It's amusing that in Thanksgiving cartoons the turkeys are always brown wild turkeys. The turkeys in the oven today were white turkeys raised in huge factories where the turkeys are raised in boxes called buildings, fed by machine, gathered by machine, killed by machine, and made into the bare-skinned blob in the grocery store meat department by machine. Instead of showing wild turkeys in the cartoons, why not use one of the grocery store featherless corpses in the cartoons? This is the only way we know the turkeys. Almost nobody knows what the turkeys go through from birth to death, and don't want to know. Out of sight, out of mind. Don't want to know because it will spoil the Thanksgiving dream. I've heard it said that if you take a tour of a hot dog factory, you'll never eat another hot dog. That can probably be said of all food processing factories. I don't eat canned food much, except in restaurants, because they are so laden with salt, such that I'm eating spinach-, bean- or corn-flavored salt. I don't like to be too particular about such details in food. To be so particular, I'd have to move to a city that has a big farmer's market, live nearby and consume only fresh vegetables. I don't want to live in a city and don't want to get that involved in cooking. Cooking is not my art form. I eat whatever is before me. I figure people have lived on meat from the beginning of humanity. We've survived it thus far. I'm not going to edit what I eat by reading the ingredients list of unpronounceable words starting with xyz that tell me the product is lethal. I take it for granted and take it for the nature of the world I live in. Don't like it, must accept it.   

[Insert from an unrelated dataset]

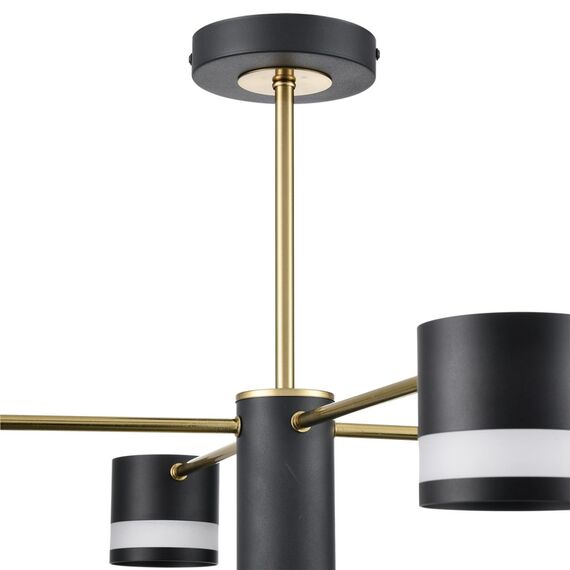 LUMION 8240/8C COMFI LN25 197 черный/латунь, металл/акрил Люстра потолочная LED GX53 8*7W 220V LANIKA, изображение 4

Finally, by noon today, the temperature had risen to about 35 degrees from 14 degrees it went down to in the night. The donkeys and the calves are lying down, full sides to the sun, thawing out their bones. It may take all day. The day's full sunlight must feel good to them after last night's bitter cold--it had wind in it, too, wind full of air dragons. Down here in my little valley between ridges, air dragons seldom fly through. Late in the day I went to a neighbor's house across the road and on the ridge where the wind blows freely. I was in the kitchen area and heard the sound of the glass storm door like somebody had opened and closed it. I looked. Nobody there. The corner of the house creaked at the same time. I realized it was an air dragon. I heard several roar through while I was there. The air dragons seem to like it up on top of the ridge where they can fly eel-like through the barren trees, then *BAM* into the side of a house. I visualize the air dragons something like what we call dust devils. In the summer on a dry dirt road, occasionally the wind will whip up a miniature tornado that goes spinning along the road surface a ways, and it's gone. I'm seeing air dragons spontaneously stirred up, swirling through the air maybe a few hundred feet, then flying apart. Or flying into the side of a house like a bird flies into a window.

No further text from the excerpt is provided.